Today, global rare earth production amounts to about $4 billion U.S. annually, which is about three times less than the global value of diamond production, for example. At the same time, global sales of diamond jewellery amount to merely $70 billion U.S., whereas rare metals, and in particular critical metals like rare earth metals, provide a basis for a manufacturing sector valued at anywhere between $2 trillion and $4.8 trillion. So there's a significant difference in perspective here in terms of the ultimate practical value between these commodities and diamonds, for example.

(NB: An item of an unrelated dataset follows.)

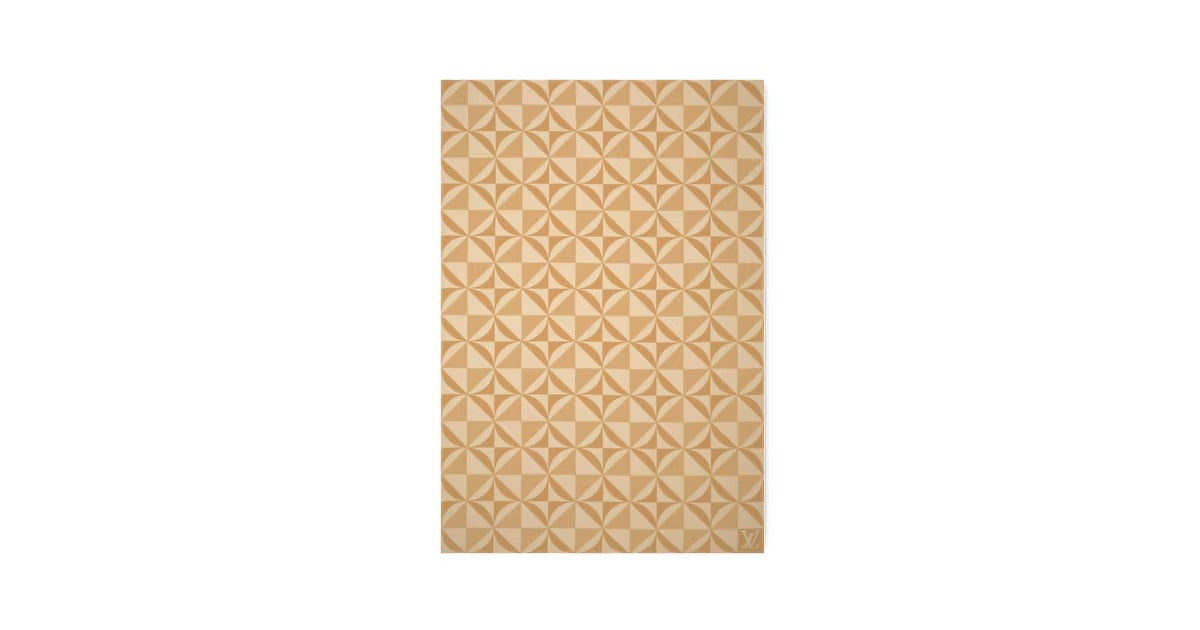 Mirage Throw Blanket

According to some recent studies, including a study by MIT scientists, some of those metals will skyrocket in importance, and industrial need for these metals will increase by as much as 2,600%—as in the case of dysprosium, for example—by the year 2025. If we take this projection seriously we should be looking at a significant increase in the demand for these elements. In the absence of current efficient recycling technologies, it's quite obvious that we'll have to come up with adequate resources to support this increasing industrial demand, which will outpace the current or historical production trend of about 5% in the recent 30 years.
To address these looming shortages in critical metals, including five of the 15 rare earth metals—dysprosium, terbium, ytterbium, neodymium, and europium—governments around the world, as well as research organizations and companies around the world, focus their efforts on three main areas: recycling of the existing products; developing substitute materials that would allow the minimization of the use of rare earth metals, so perhaps eliminating rare earth metals from some of the technologies; and diversifying the existing supply sources.

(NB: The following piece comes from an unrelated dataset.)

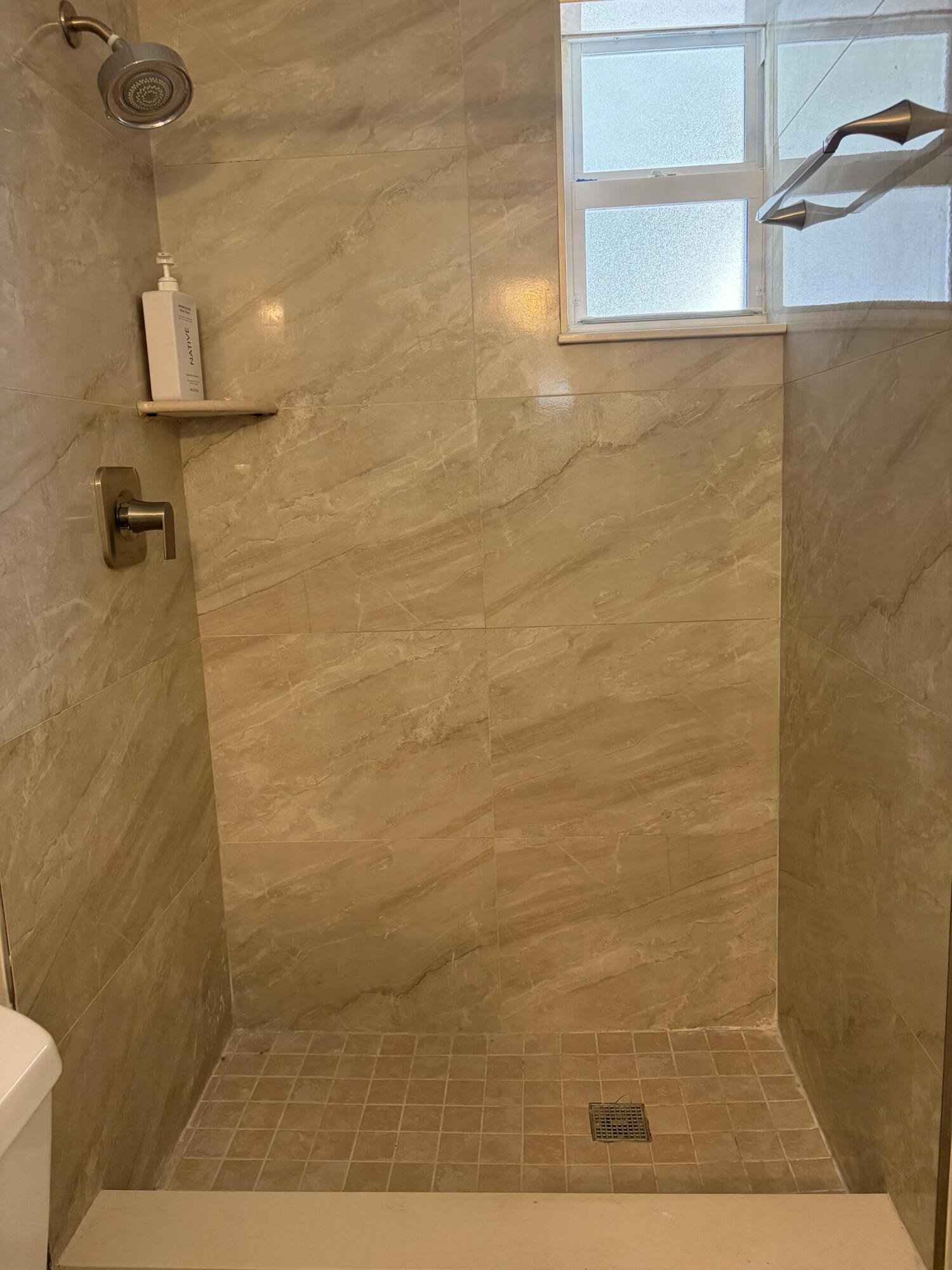 SUNRISE GOLF VILLAGE THIRD ADD - Residential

So it's that latter area where I think Canada has some really great opportunities. In Canada no rare earths are currently being produced, and rare earth products account for about $30 billion in monetary value, which is less than 2% of the national GDP, as well as less than 2% of employment. This is several per cent less than Japan, for example, which does not have its own rare earth mines either. But Japan imports 15% of the Chinese rare earth production. About 80 years ago the Russian geochemist Alexander Fersman dubbed rare earth metals “vitamins for the industry”. Deng Xiaoping was the first political leader, political figure, who recognized the importance of these metals in that context and that ultimately led to China's dominance on the rare earth market. If Canada built on that potential and utilized its own resource potential it would not only be able to provide the rest of the world with sustainably sourced rare metals including critical rare earth metals, but it would also provide a much-needed vitamin boost to its own rare earth-based advanced technologies and industry.

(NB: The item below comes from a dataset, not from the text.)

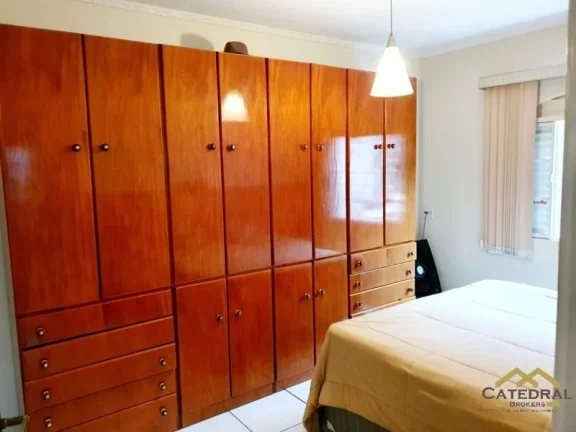 Imagem CASA À VENDA, 148 M² POR R$ 700.000,00 - JARDIM DA FONTE - JUNDIAÍ/SP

Geologically speaking Canada is just as complex as China and it has all the prerequisites including tectonic, and geochemical, and geological prerequisites to the development of economic rare earth mineralization. So, for example, if you look at the historic figures that are currently available in the public domain, the total measured, and indicated, and inferred resources of rare earth metals in this country amount to about 38 million tonnes of contained rare earth oxides. Now, this seems like a lot because it is basically 30% of the global resource base at the moment. But at the same time, these numbers, when taken out of their geological context, can be misinterpreted.
I'll illustrate that with a couple of examples. For example, if you look at the Nechalacho project in the Northwest Territories, which actually ranks fairly high among the currently active advanced-level exploration projects in Canada, you will see that only about 13% of Nechalacho ore is actually composed of minerals like monazite, bastnäsite—and their chemical composition is given in a transcript of my presentation—whereas the rest of these metals, roughly about 87%, are distributed among zircon, allanite, and various other minerals. The reason it's important is that, historically, the bulk of rare earth production around the world has come from bastnäsite, monazite, to a lesser extent ion-absorption clays like the ones that are mined in China, and to a much lesser extent from xenotime. So that means that minerals like zircon, allanite, and the rest of the minerals that are present in such significant quantities in the Nechalacho ore actually have not been used for profitable recovery of rare earth elements to date.